Finding no guilty smile, Vassilyev began to look whether there was not one intelligent face. And his attention was caught by one pale, rather sleepy, exhausted-looking face. . . . It was a dark woman, not very young, wearing a dress covered with spangles; she was sitting in an easy-chair, looking at the floor lost in thought. Vassilyev walked from one corner of the room to the other, and, as though casually, sat down beside her.

“I must begin with something trivial,” he thought, “and pass to what is serious. . . .”

“What a pretty dress you have,” and with his finger he touched the gold fringe of her fichu.

“Oh, is it? . . .” said the dark woman listlessly.

“What province do you come from?”

“I? From a distance. . . . From Tchernigov.”

“A fine province. It’s nice there.”

“Any place seems nice when one is not in it.”

“It’s a pity I cannot describe nature,” thought Vassilyev. “I might touch her by a description of nature in Tchernigov. No doubt she loves the place if she has been born there.”

“Are you dull here?” he asked.

“Of course I am dull.”

“Why don’t you go away from here if you are dull?”

“Where should I go to? Go begging or what?”

“Begging would be easier than living here.”

How do you know that? Have you begged?”

“Yes, when I hadn’t the money to study. Even if I hadn’t anyone could understand that. A beggar is anyway a free man, and you are a slave.”

The dark woman stretched, and watched with sleepy eyes the footman who was bringing a trayful of glasses and seltzer water.

“Stand me a glass of porter,” she said, and yawned again.

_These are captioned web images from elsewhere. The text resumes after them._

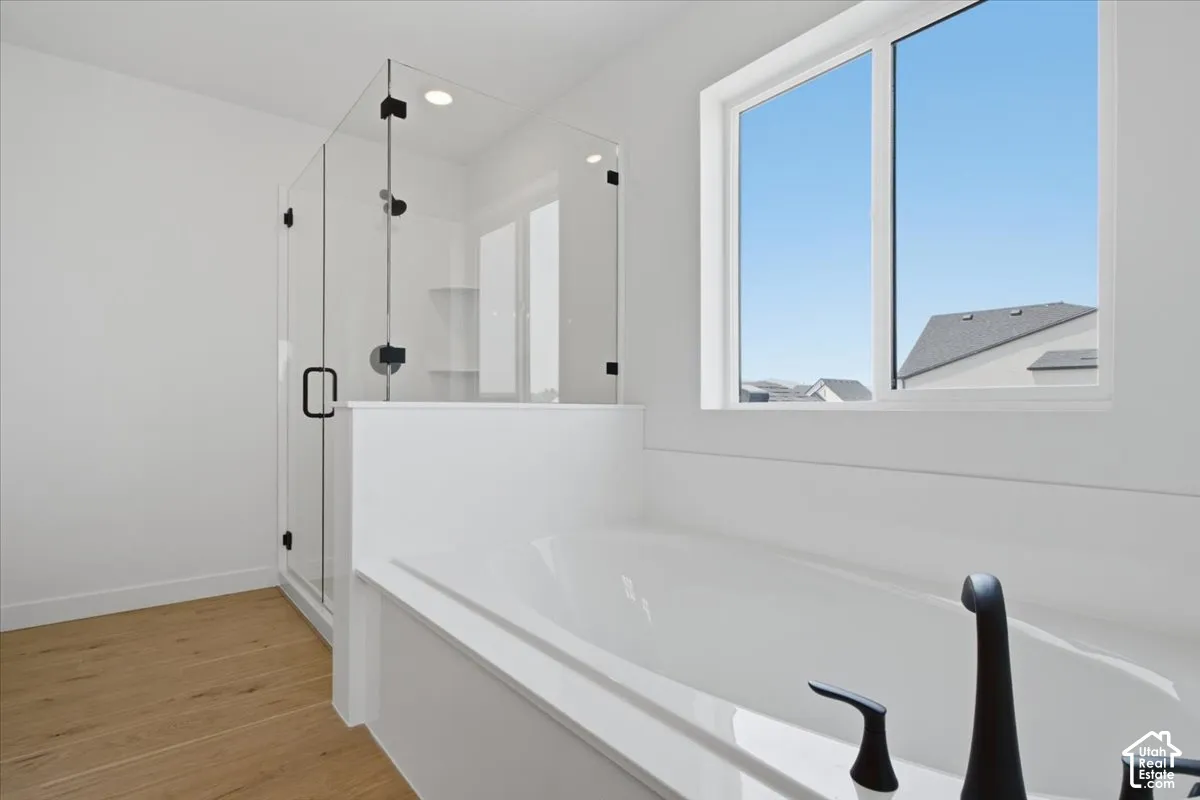 Large shower with a full euro shower enclosure.  Relax in the oversized 6' Tub.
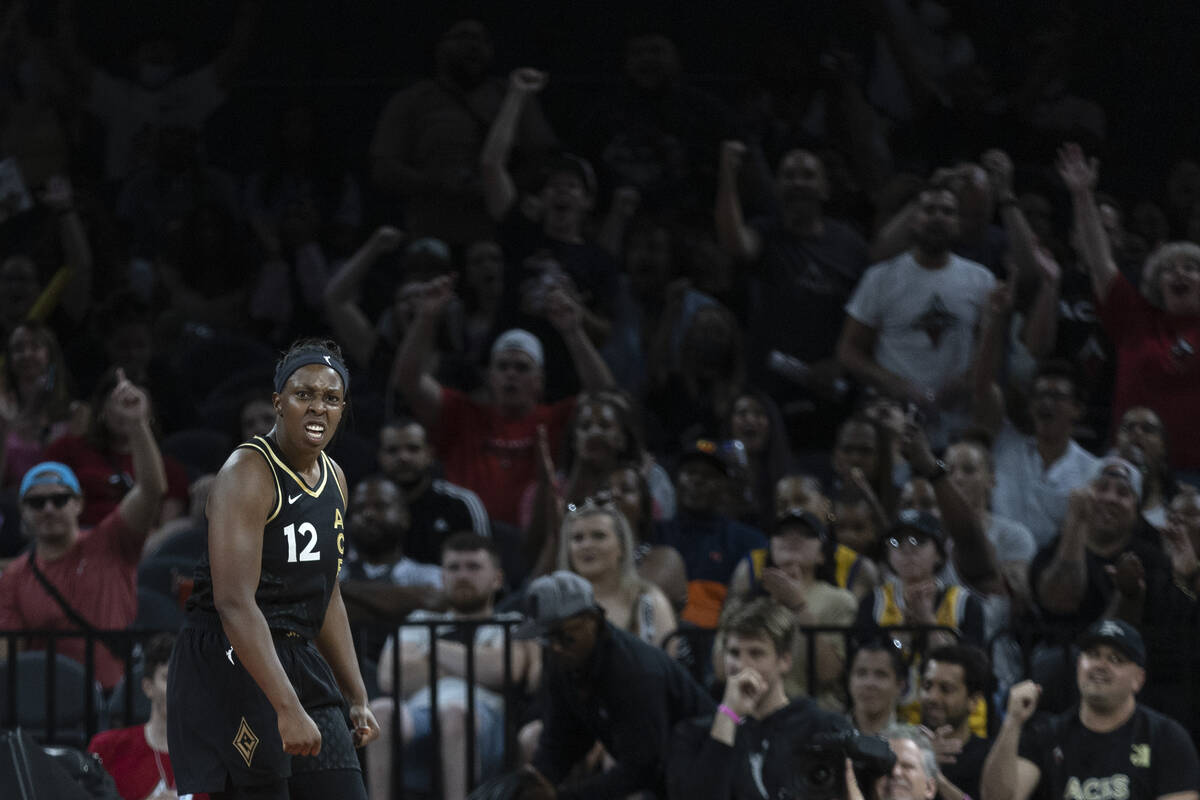 Las Vegas Aces guard Chelsea Gray (12) celebrates after scoring while the crowd cheers behind h ...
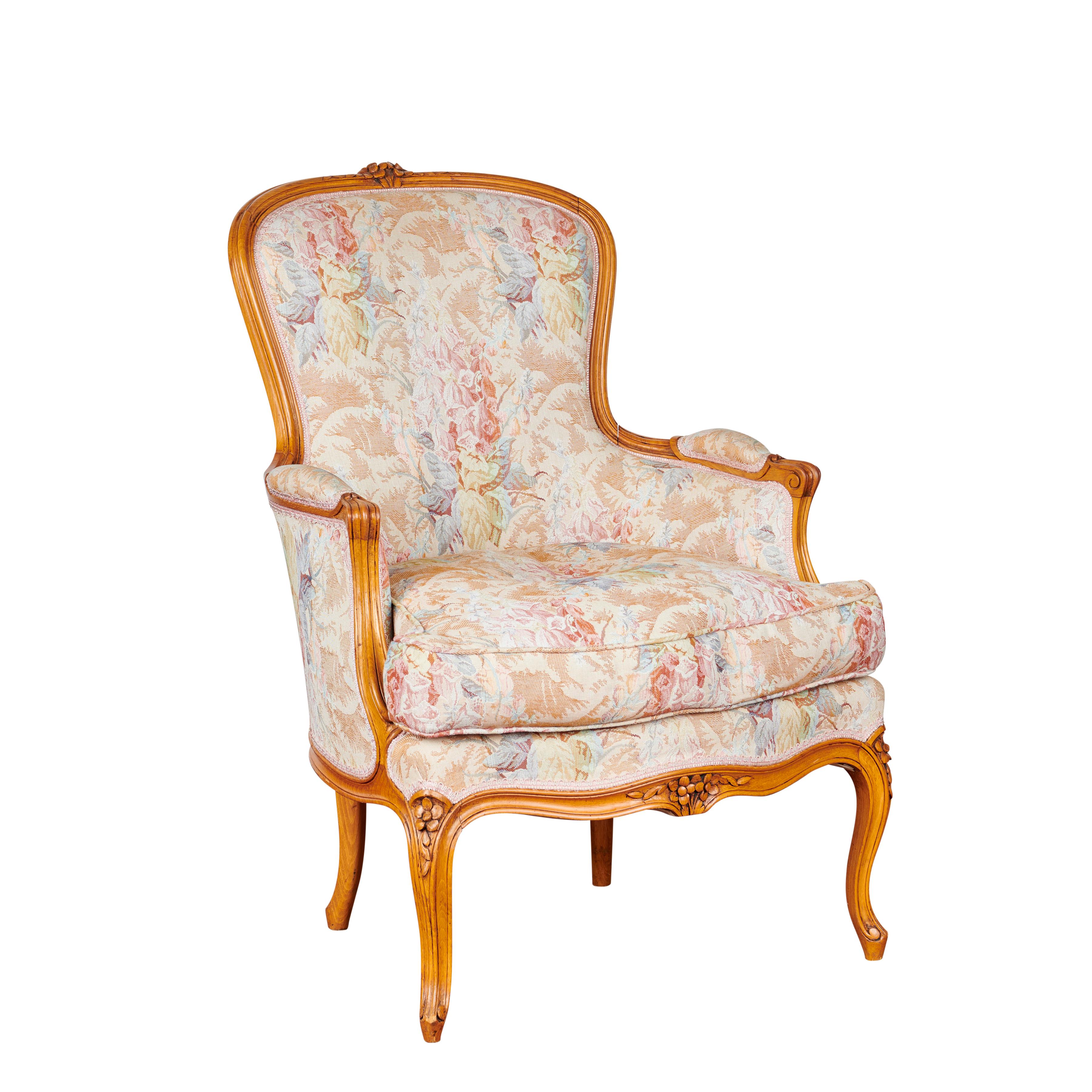 These beautiful circa 1980 French cherrywood armchairs and foot rest (3-piece set), are a comfortable and stylish accompaniment to any fine lounging area. They feature ornate fleur detailing scattered throughout the upholstery, with Louis XV style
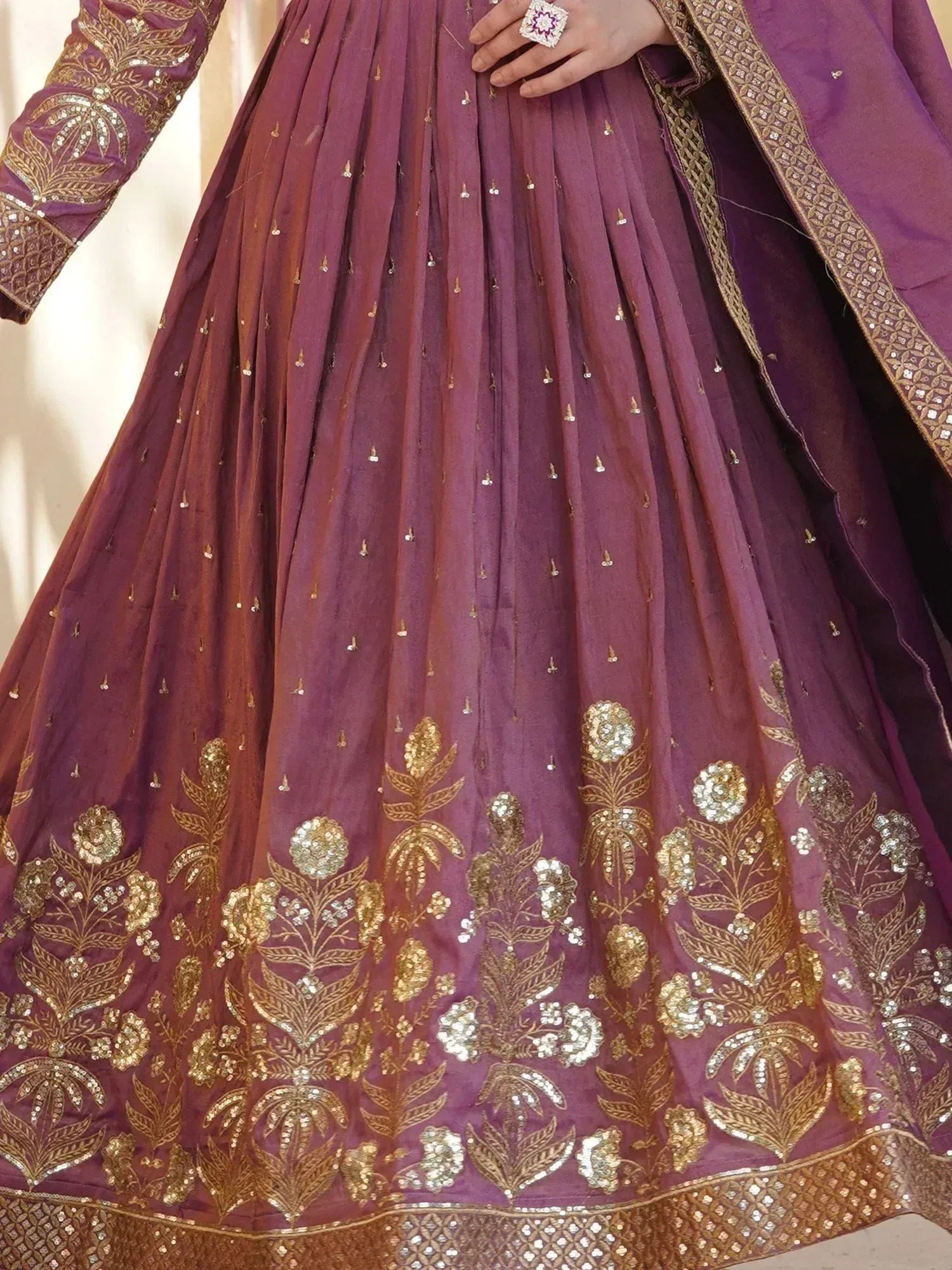 Purple ethnic lehenga with gold floral embroidery and sequin detailing, perfect for weddings and festivals.
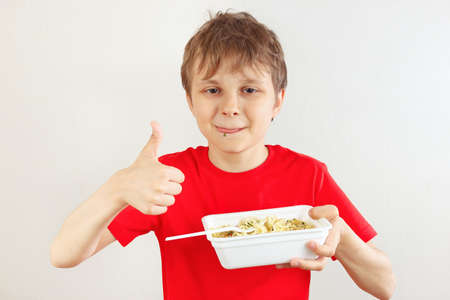 Little funny boy in a red shirt recommends instant noodles on a white background.の写真素材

“Porter,” thought Vassilyev. “And what if your brother or mother walked in at this moment? What would you say? And what would they say? There would be porter then, I imagine. . . .”

All at once there was the sound of weeping. From the adjoining room, from which the footman had brought the seltzer water, a fair man with a red face and angry eyes ran in quickly. He was followed by the tall, stout “madam,” who was shouting in a shrill voice:

“Nobody has given you leave to slap girls on the cheeks! We have visitors better than you, and they don’t fight! Impostor!”